Questo si, conclude il Presidente della Bce, rappresenterebbe un volano formidabile per il rilancio dei consumi e della crescita europea. Draghi, quindi si rivolge più ai Governi che alle parti sociali e ai Governi dice che le risorse dovrebbero essere reperite con un cambio delle politiche di imposizione fiscale, tassando di più i beni e le proprietà invece che le persone fisiche.
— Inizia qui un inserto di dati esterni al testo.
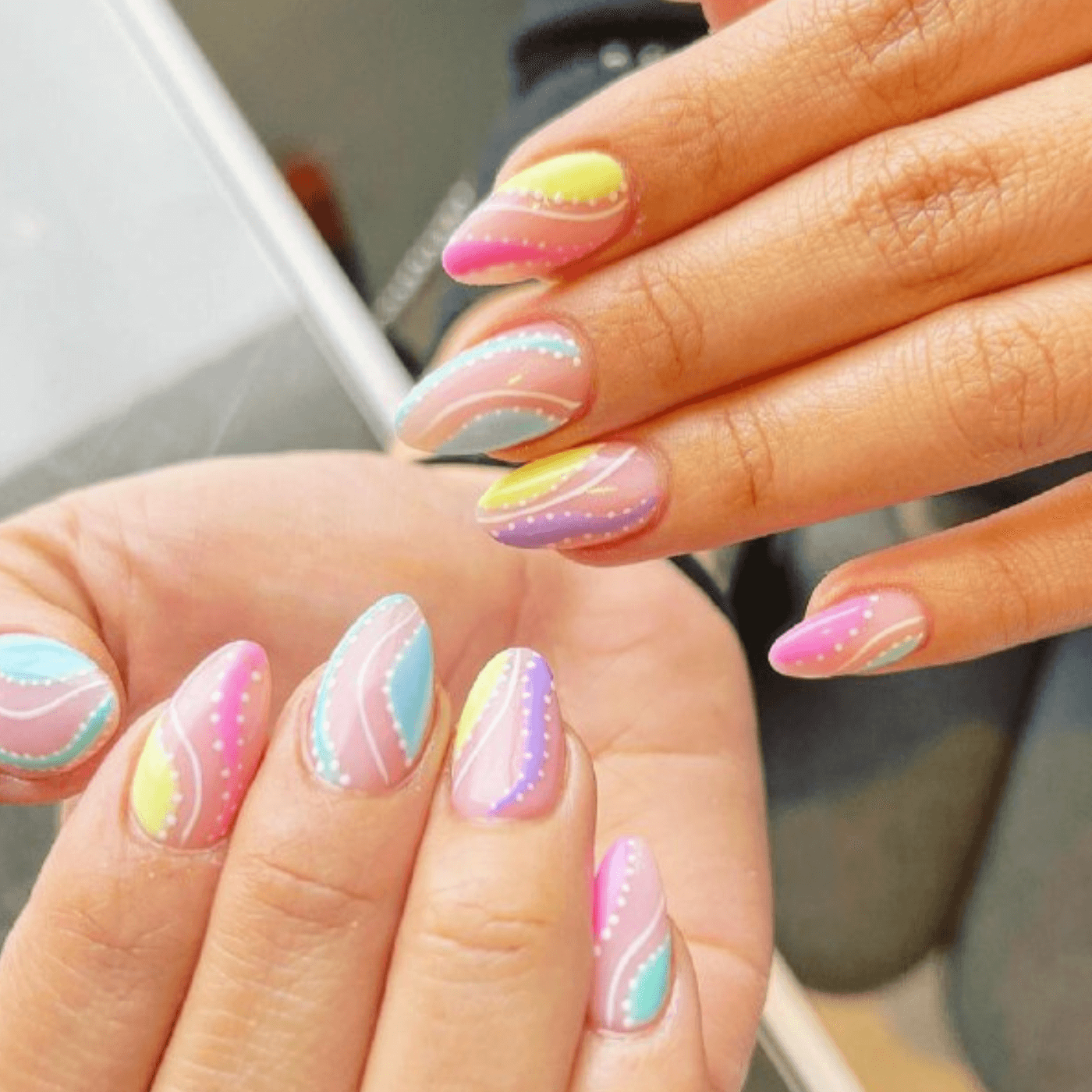 Short Almond Nails with Geometric Patterns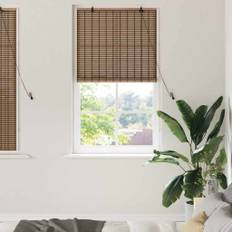 vidaXL Fönsterpersienn med gardiner Brun 90 x 160 cm Bambu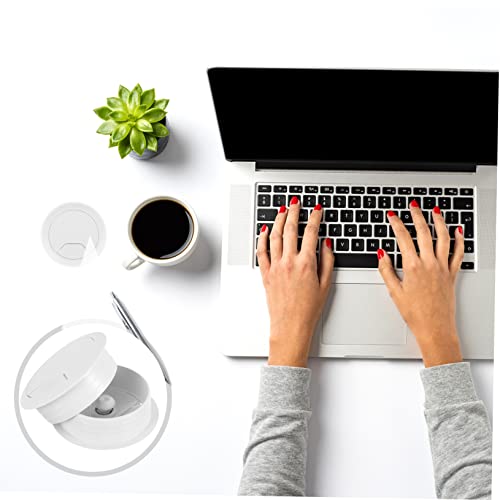 6 piezas de cubiertas para orificio de cables Angoily para escritorio, organizador de cables para oficina miniatura 7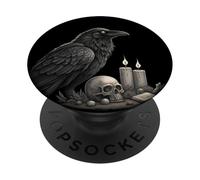 Bougies Gothiques en Forme de crâne de Corbeau et Oiseau PopSockets PopGrip Adhésif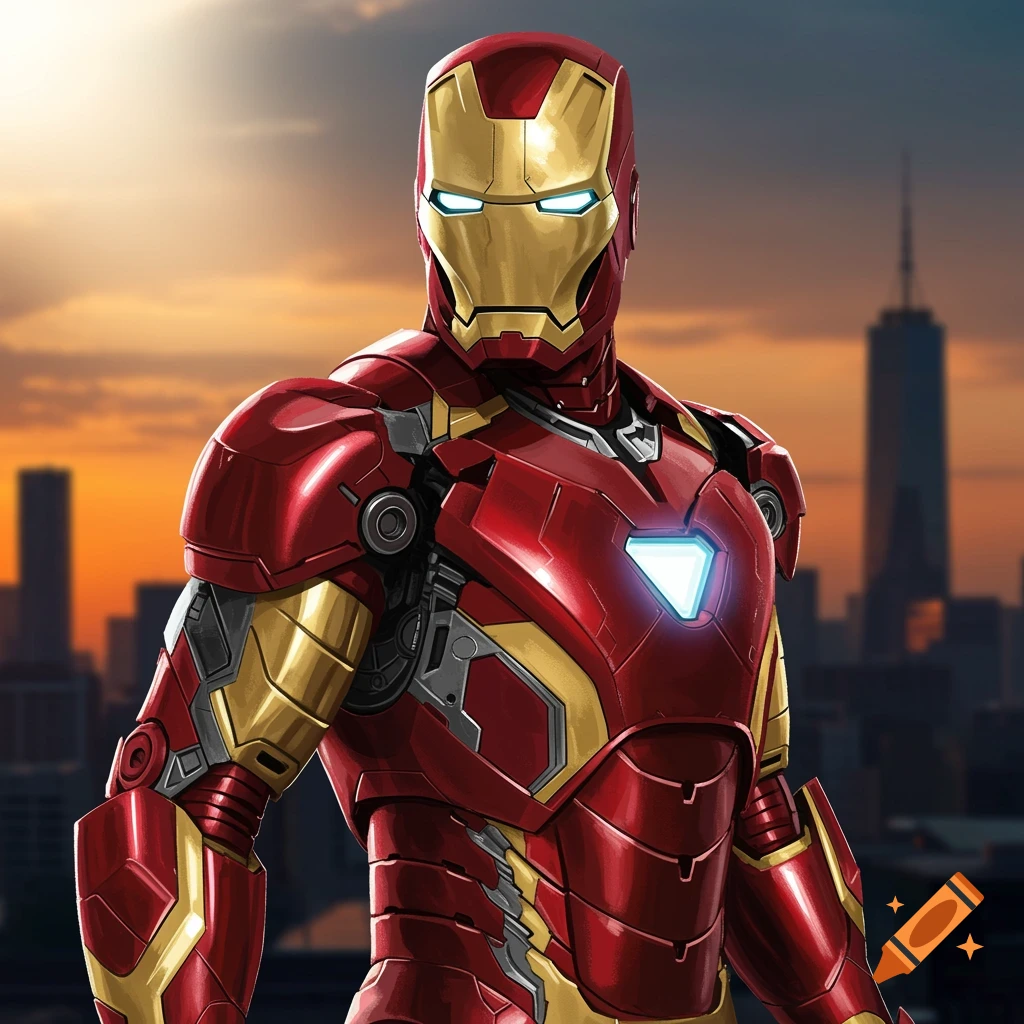 Image of Iron Man in his red and gold armor against a city skyline at dusk.
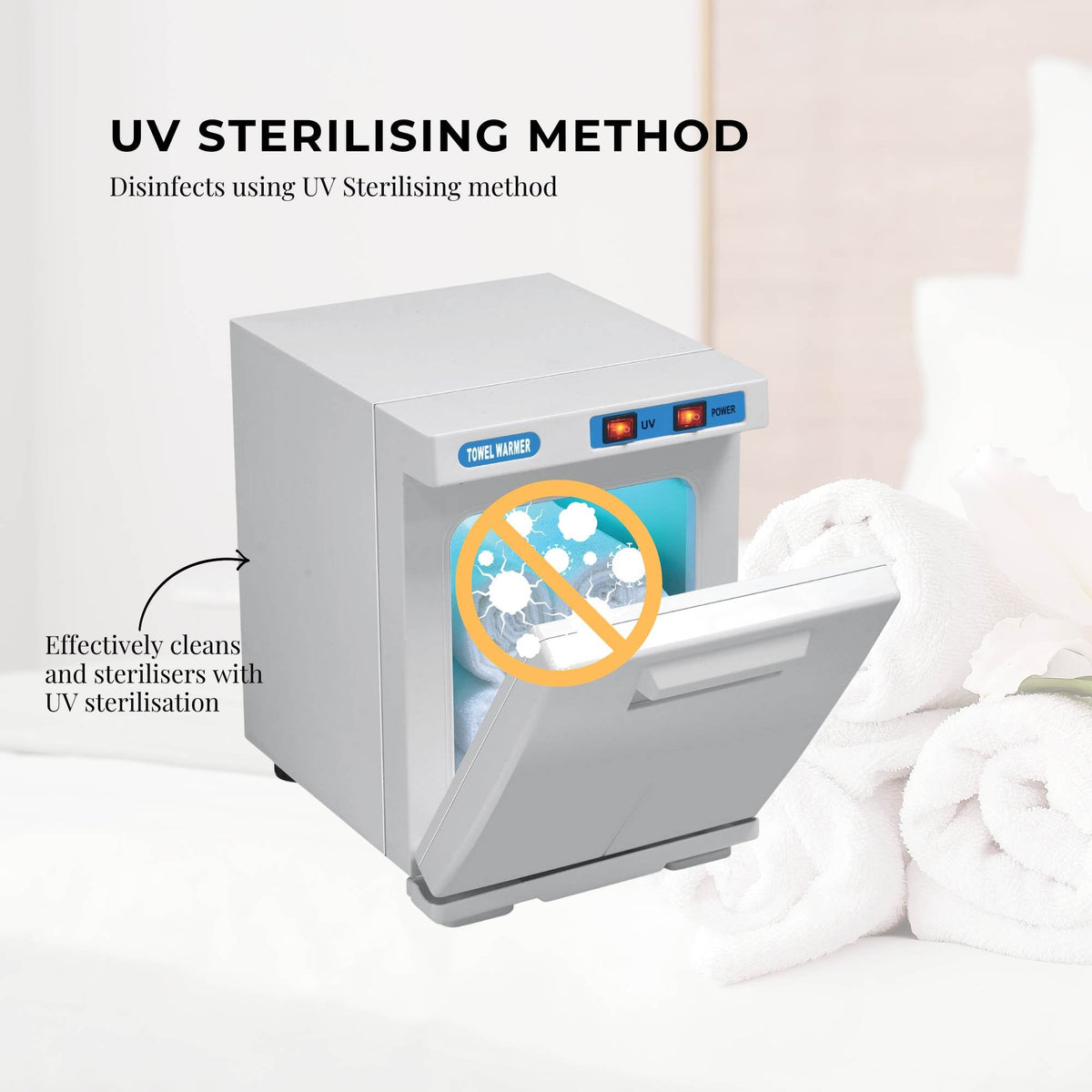 Orku 5L White Electric Hand Towel Warmer Mini UV Steriliser Cabinet Salon Heater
L’Ecofin, su questo terreno, si muove lungo la stessa direzione ed è stata non celato il suo dissenso, ad esempio per l’ Italia, dell’esenzione generalizzata della tassazione sulla casa oltre alla pressione per introdurre l’obbligo alla fatturazione elettronica tra privati, la cui evasione dell’Iva, tocca i 40 miliardi. Ai voglia ad intervenire sul cuneo e sui salari contrattuali.
Di questo si tratta. Varrebbe la pena allora che proprio su questo ci cimentassimo.